On International Holocaust Remembrance Day, a secret archive will reach a global audience
After the German invasion of Poland in 1939, Rachel Auerbach, a Jewish journalist and culture writer, procured the necessary paperwork to leave Poland. She chose not to use it. Instead, she stayed and was interned in the starved-out Warsaw ghetto that would become a mass deportation site for Treblinka.

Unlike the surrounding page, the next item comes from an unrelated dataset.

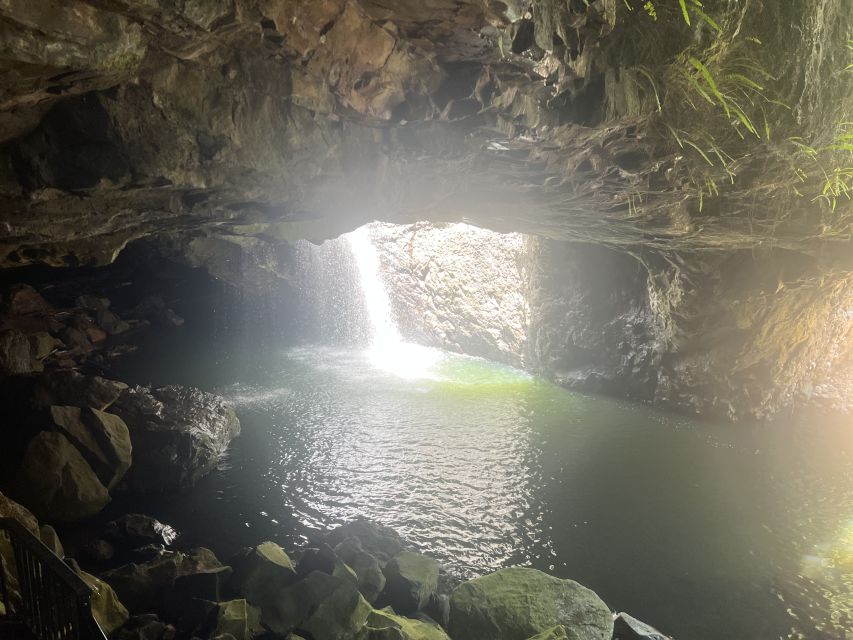 Brisbane: Springbrook and Mt Tamborine Glow Worm and Skywalk - Included lunch keeps the day simple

“I hope audiences will discover Rachel Auerbach because she is one of the most powerful writers from the Holocaust period,” Roberta Grossman, director of the new documentary “Who Will Write Our History,” said in a recent interview. “Her accounts…they are amazing as literature, they are amazing as historical documents. And I think she’s been completely overlooked.” Ms. Grossman’s documentary brings to life how Ms. Auerbach and other members of a society called the Oyneg Shabes (“the joys of Shabbat”) risked their lives to create a secret archive that documented the horrors of the Holocaust. The documentary film is inspired by a book about the Oyneg Shabes also called Who Will Write Our History, by Samuel Kassow.
Rachel Auerbach is one of the most powerful writers from the Holocaust period.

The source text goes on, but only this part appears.